В 2014 г. фрейбургский историк Ян Экель опубликовал свою монументальную диссертационную монографию «Амбивалентность Добра. Права человека в международной политике начиная с 1940-х годов» («Die Ambivalenz des Guten. Menschenrechte in der internationalen Politik seit den 1940-ern»; Göttingen, 936 s.). Учение об «историческом релятивизме» более чем наглядно свидетельствует о том, как велика была с незапамятных времен дистанция между человеколюбивым идеализмом и политической реальностью прав человека – и, вероятно, так будет и впредь. Но и нравственные заповеди тоже живут под дамокловым мечом амбивалентности. Страдание и со-страдание – это «юридическая риторика о правах человека» и «социально-технологическое планирование»[1235]

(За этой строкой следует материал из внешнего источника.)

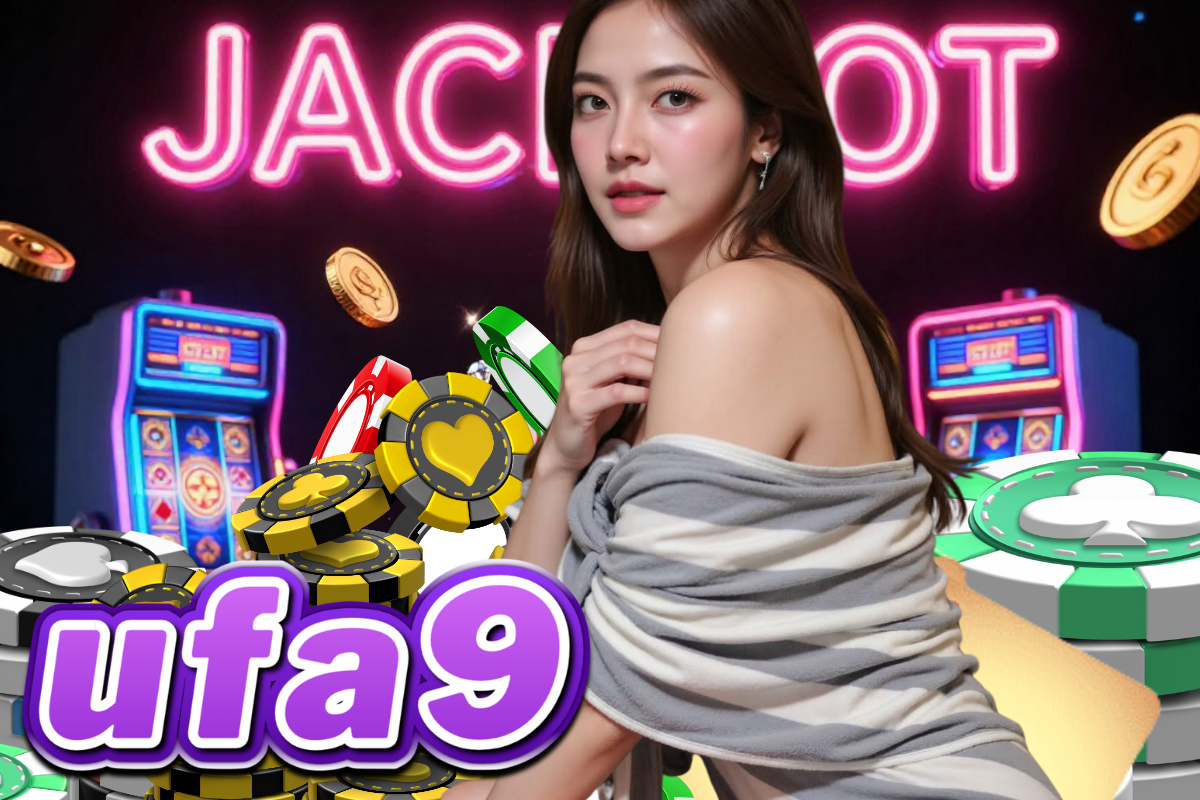 ufa9 เข้าระบบ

. В фундаментальном труде Экеля – даже при том, что имя Достоевского, гроссмейстера русского романа, в нем вообще не упомянуто – можно почерпнуть гораздо больше мыслей и представлений о коренных вопросах творчества Достоевского, нежели в профессиональных работах литературоведов об эстетике и нарративных стратегиях писателя и его концепции «положительно прекрасного человека». Исторические и антропологические реалии могут быть лишь оттенены, но никак не оттеснены эстетическими факторами.Кто такой князь Лев Николаевич Мышкин – мышелев княжеского происхождения? Он спаситель людей или, с позиций своего горного плато морали и нравственности, мучитель людей? Или он и то и другое?

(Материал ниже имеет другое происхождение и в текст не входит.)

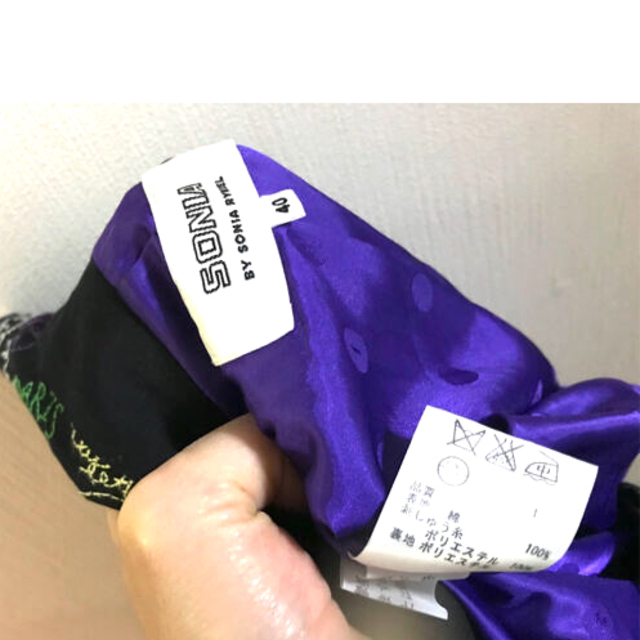 未使用レア品】SONIA RYKIEL ソニアリキエル ステッチコート | livro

I. Куриная слепота «прекрасного сердца»
Шекспир был для Достоевского «поэтом отчаяния»[1237]
. Отчаяние – это высшая ступень и финальная стадия сомнения. В многократно цитированном письме к Н.Д. Фонвизиной из Омска от конца января – 20-х чисел февраля 1854 г. Достоевский назвал себя «дитя неверия и сомнения» до «гробовой крышки» (XXVIII/1, 176). И Мышкин тоже периодически теряет веру (ср.: VIII, 182, 458) – и не только перед лицом базельских полотен Гольбейна и Ганса Фриса, которые Достоевскому были прекрасно известны. Мышкин заканчивает свою сознательную жизнь, по словам повествователя, «в бессилии и в отчаянии» (VIII, 507).С самого раннего времени Достоевского беспокоил вопрос, почему именно хороший человек («хороший-то человек, самый лучший человек») так часто чувствует себя несчастным, заброшенным и впадает в одиночество (ср.: I, 86; II, 131). И этот вопрос порожден не только психологическим, социальным или литературным сентиментализмом – это есть философская проблема Просвещения и связанных с ним философских течений. Начиная с XVIII в. «(только лишь) доброе сердце» абсолютно нормативно дифференцировалось от «благородного характера», даже в тех случаях, когда позиция автора и понятийные дефиниции текста не являются четкими. По общему признанию, «увлечения» и нравственность мышления не могут считаться признаком истинной добродетели и разумной морали. И текст Достоевского тоже гласит: «Довольно увлекаться-то, пора и рассудку послужить» (VIII, 510)[1238]
. Достоевскому нравилось вкладывать прописные истины в уста второстепенных персонажей или ненадежных повествователей – это было одним из составных элементов его полифонической игры сознаниями и голосами. Но в конечном счете речь идет не об умозрительном эксперименте, но – как и у Экеля – о реальном опыте.Распространенное в то время в немецкой словесности слово «Schwärmerei»[1239]
было в целом негативным понятием; для некоторых литературных критиков оно было даже своего рода «клеймом», но в то же время, если оно понималось как «прекрасное упоение души», в нем можно увидеть и некий извиняющий компонент[1240]. Для Достоевского, как это явствует из его повести «Кроткая», «ужасной правдой на земле» была «слепота куриная “прекрасных сердец”» (XXIV, 16). «Незнание жизни» неуклонно ведет их к безысходности и гибели. И «идеальное христианство» нужно отличать от его «эмпирической формы»[1241].